RELATED: No Surprise: Some GOP Foaming At Mouth For Obama Impeachment Amid ‘Scandals’

I’m sure Issa wouldn’t completely object to this display. After all, Issa loves attention and has proved to make something out of literally nothing to secure it.

So be it.

But you’d think by now he’d be better at his job.

Thankfully, Rep. Elijah Cummings (D-Md., pictured) is good at his and has proceeded to release the full transcript of a key interview with an IRS employee that proves the White House had absolutely nothing to do with select employees of the agency targeting conservative-leaning groups leading up to the 2012 elections.

Republican and Democratic committee staffers, alike, spoke with IRS official John Shafer about the IRS’ decision to further scrutinize a Tea Party group’s application for tax-exempt 501(c)(4) status. A self-identified “conservative Republican,” Shafer reportedly said “that he and a fellow screener initially flagged a Tea Party group and continued to do so with subsequent applications in order to maintain consistency in the process.”

Moreover, Shafer noted that his team flagged the first Tea Party application due to it appearing to be “a high-profile case, and he wanted to make sure all high-profile cases received similar attention.”

More from The Huffington Post:

What I’m talking here is that if we end up with four applications coming into the group that are pretty similar, and we assign them to four different agents, we don’t want four different determinations, he said. It’s just not good business. It’s not good customer service.

Asked plainly, ‘Do you have any reason to believe that anyone in the White House was involved in the decision to screen Tea Party cases?” Shafer replied, “I have no reason to believe that.”

‘Do you have any reason to believe that anyone in the White House was involved in the decisions to centralize the review of Tea Party cases?’ he was asked.

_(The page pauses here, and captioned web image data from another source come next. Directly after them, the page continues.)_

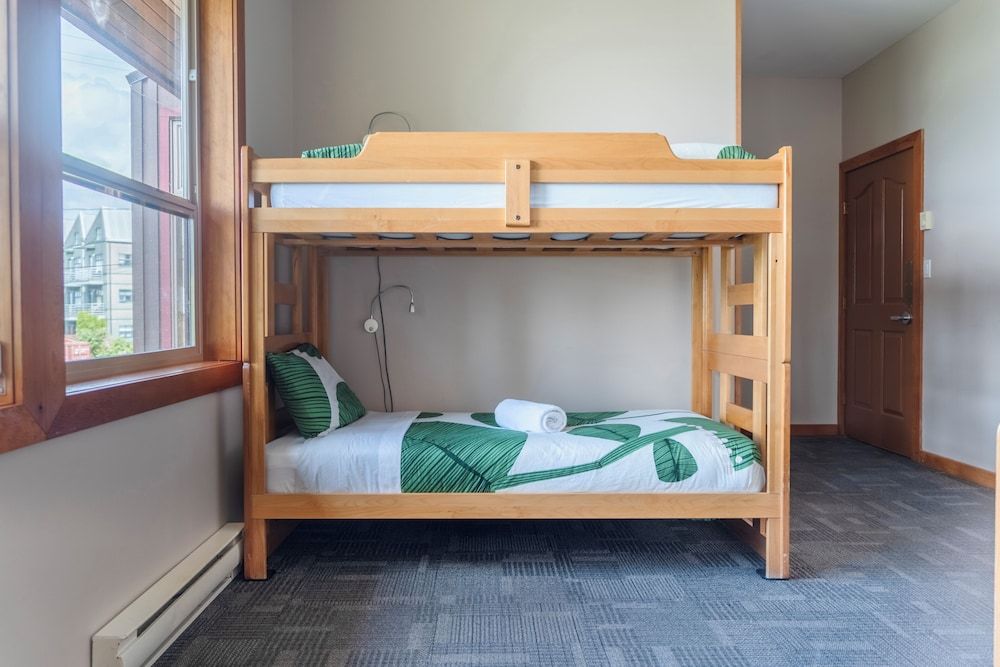 Private room with ocean view, 2-piece bathroom, shared showers - accessible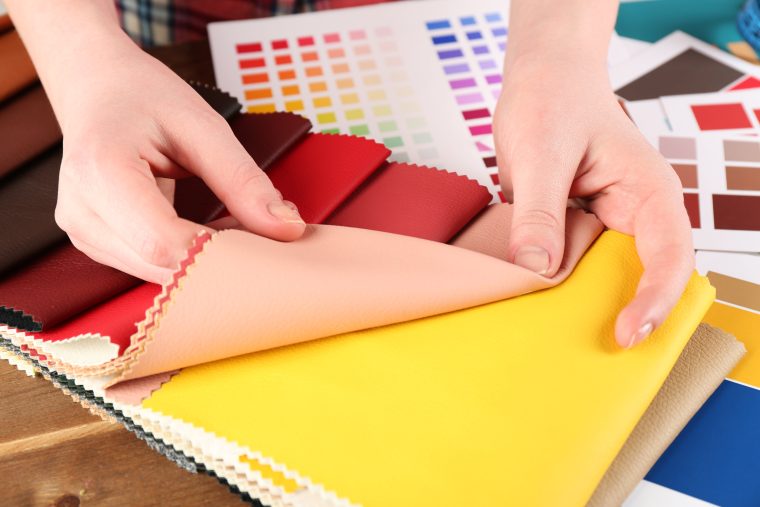 Designer working with fabric swatch samples. 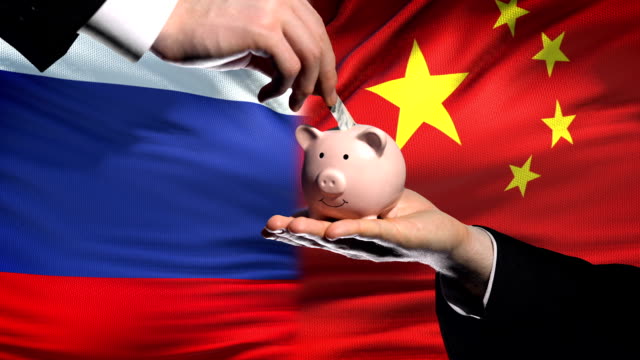 Russland-Investitionen-in-China,-Hand,-Geld-im-Sparschwein-auf-Flagge-Hintergrund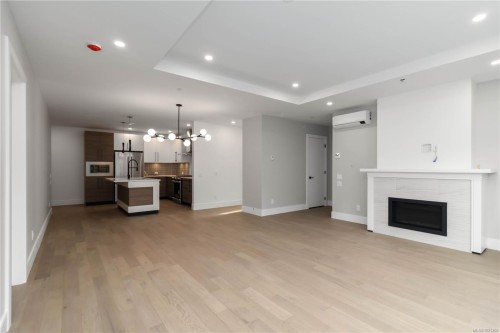 101-986 Doumac Ave, Saanich, BC - Indoor Photo Showing Living Room With Fireplace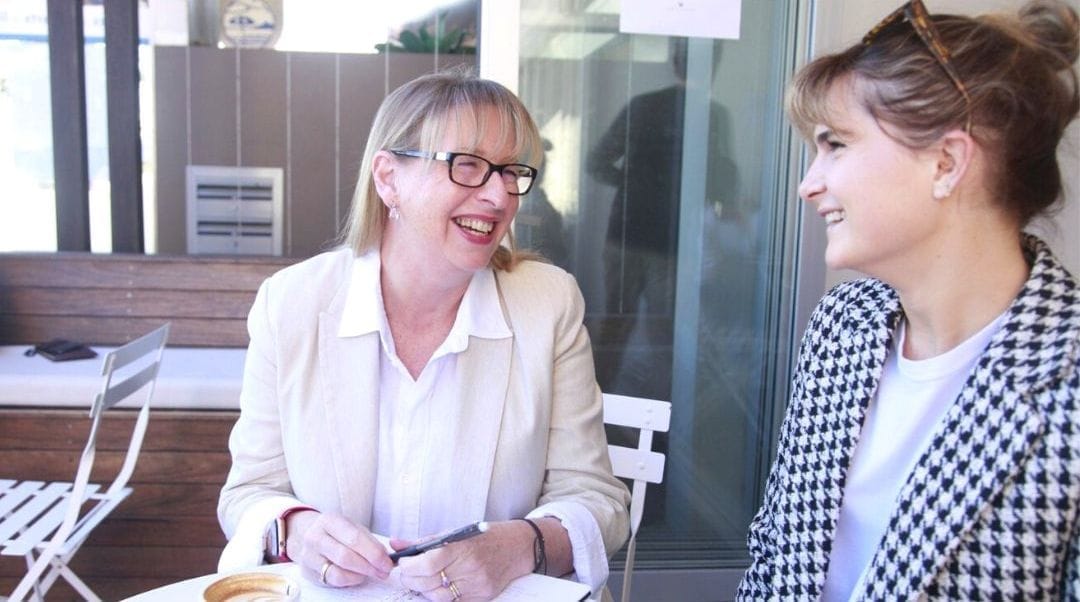 Justine McLean, a woman with long blond hair, wearing glasses and a white and cream shirt and jacket, sitting at a table with a client, a woman with short dark hair, wearing a checked jacket, smiling at the camer
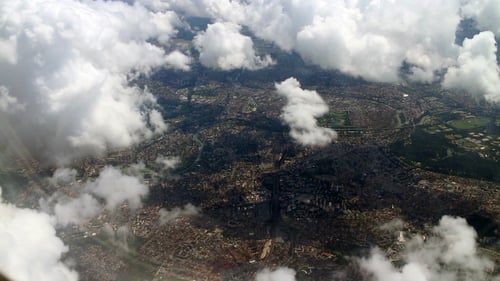Airplane Flying over City and Clouds 851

I have no reason to believe that, he replied.

Asked if he had ‘ever communicated with [then IRS] Commissioner Shulman about the screening of Tea Party cases?’ He replied, ‘I have not.’

Interviewers also asked Shafer if he told his screeners to specifically pull Tea Party cases. ‘Again, I was not asking them for those kind of cases,’ he said. ‘[I]f I would have directed them to pull our Tea Party cases, little Susie’s Tea Party would have been pulled and it wasn’t.’

This is the part where one goes, “Boom, in yo’ face!” or “You tried it!”

Your response may be generational, but we can all agree here that Issa kept this dragging along without any proof of wrongdoing on the White House’s end. It also goes to show that Issa should never try to test Cummings again.

In a letter written to Issa, Cummings wrote:

Despite your multiple reversals on this issue, there appears to be one constant in your approach: you have not shared one word from the interview transcript of the IRS Screening Group Manager in Cincinnati who provided the most relevant information about how this process began.

Not to be outdone, the congressman and Civil Rights pioneer added, “I do not believe this approach is a responsible, fair, or legitimate way to conduct the Committee’s investigation.” Cummings even told Issa that “you have not provided any compelling or consistent rationale for continuing to conceal this information from Members of Congress or the American public.”

It’s because of Issa and a media that refuses to correct politicians they know are yapping without reason and facts for the sake of ratings that 47 percent of Americans believe that the White House had something to do with the IRS targeting Tea Party-affiliated groups as revealed in a new poll.

Hopefully, Cummings toppling Issa’s argument with you know, the full story, might finally put the fatal in this fallacious narrative.

Nevertheless, it should never have gotten this far. The Darrell Issas of the world will always be fishing for a headline and booked for a Sunday morning talk show appearance.

So be it.

But must we take the bait every single time?